Context Engineering Theory
How the LLM Works
Everything Copilot does starts with text. You send a message, and behind the scenes, that message — along with a lot of other content — gets assembled into a single string and sent to the language model. The model reads it, predicts what should come next, and that prediction is Copilot's response.
That string is called the context. It's literally what gets fed into the model. And because the model's output is entirely determined by its input, context is everything. Better context → better output. The wrong context → hallucinations, mistakes, missed requirements.
Copilot's job is to assemble the right context string for every request. It pulls together:
System-level content: the system prompt, descriptions of available tools, your instructions file, skill descriptions
User-level content: your current message, the conversation history, the results of any tool calls Copilot has already made
When you write an instructions file or a skill, you're contributing to that context string. You're shaping what the model sees, and therefore what it does.
The Agent Loop
Here's what actually happens when you send Copilot a message:
Copilot assembles the context string and sends it to the LLM
The LLM decides: is the task done? If not, it picks a tool — read a file, write a file, run a terminal command, load a skill
The tool runs, and its output gets added back to the context string
The updated context string goes back to the LLM
Repeat until the LLM decides the task is complete
This is why Copilot can do complex multi-step work. It's not solving the problem in one pass — it's going around this loop many times, accumulating context as it goes, until it's confident the work is done.
Skills slot into step 2. When the LLM decides a skill is relevant, it loads the skill content into the context string. That's how a skill influences behavior: it adds more text to the context, and that text shapes what the LLM does next.
The Context Window
The context window is the maximum amount of text the LLM can process at once. Think of it as a fixed-size container. Everything has to fit: the system prompt, your instructions file, the conversation history, tool outputs, skill content, and the space reserved for Copilot's response.
When the context window fills up, Copilot starts to lose track of things. It might forget earlier instructions, repeat itself, or make decisions that seem inconsistent with what you asked. This is called context rot.
When context rot gets bad enough, the context will get compacted — summarizing older parts of the conversation to free up space. This helps, but it's not perfect. The compacted version loses some detail.
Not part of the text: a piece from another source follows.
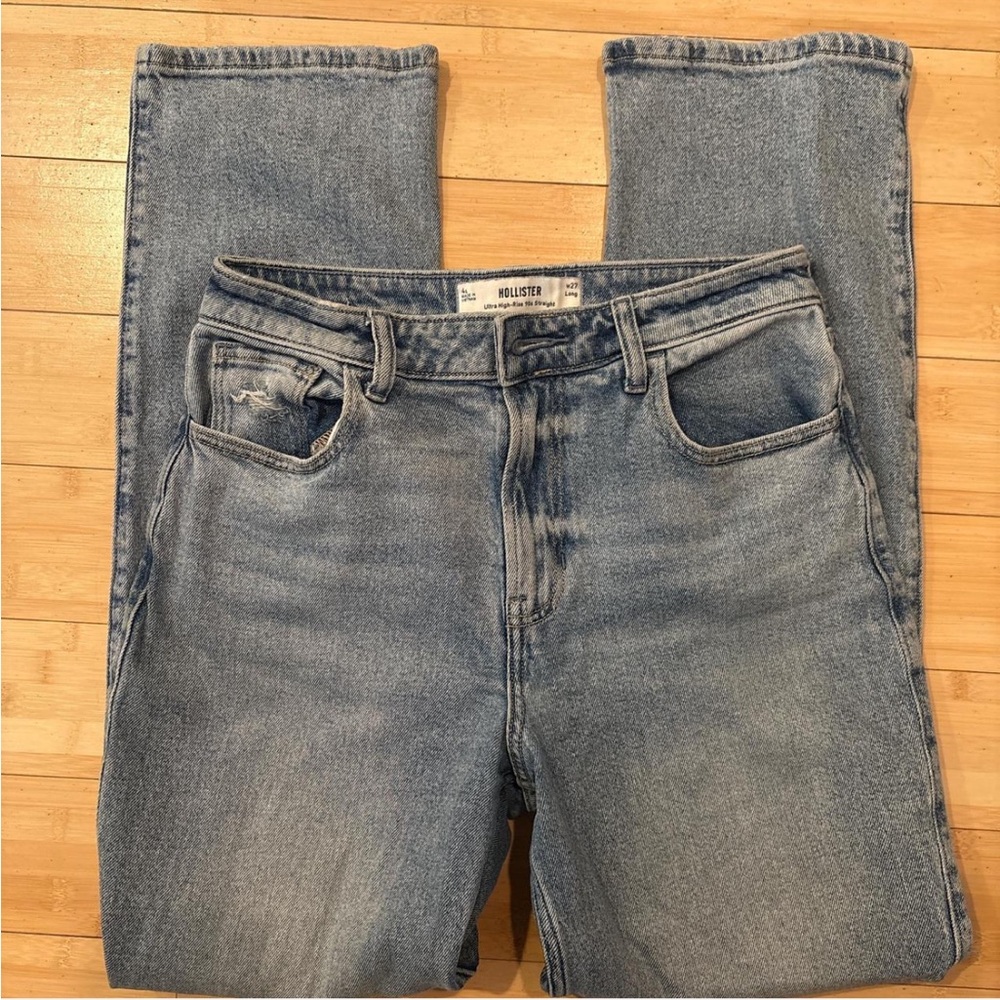 Hollister Ultra High-Rise 90s Straight 4L/w27 Long. Medium blue denim wash.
What this means practically:
Keep your instructions file concise — it's loaded with every message
Start a new conversation if you've been working in one for a long time
For very long tasks, break them into smaller conversations
✏️ Exercise: Check the Context Window
To see where you stand, look at the context window indicator at the bottom of the Copilot chat panel. Click on it to see how full the context window currently is.
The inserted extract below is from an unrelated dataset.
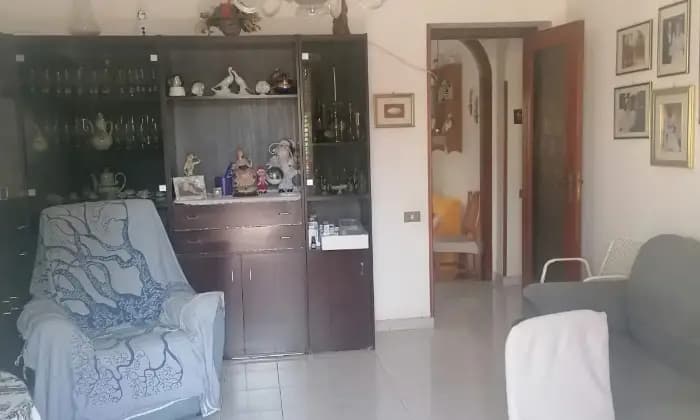 Rexer-Palermo-Vendesi-appartamento-in-Carbone-a-Palermo-NUDA-PROPRIETA-SALONE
If the window is getting full, it's a good time to start a fresh conversation before things start going sideways.
Key Takeaways
Skills — markdown files in
.github/skills/that define how to do something. Copilot invokes them automatically when relevant, or you can call them with/skill-name. The description is what triggers auto-invocation.Instructions files —
CLAUDE.mdor.github/copilot-instructions.mdat the project root. Loaded with every request. Defines the universe Copilot operates in.Context — the full string of text sent to the LLM. Everything you do in context engineering is shaping this string.
Context window — finite capacity. Keep instructions lean and start fresh conversations when things get long.
Context rot — what happens when the window fills up. Copilot loses focus and consistency.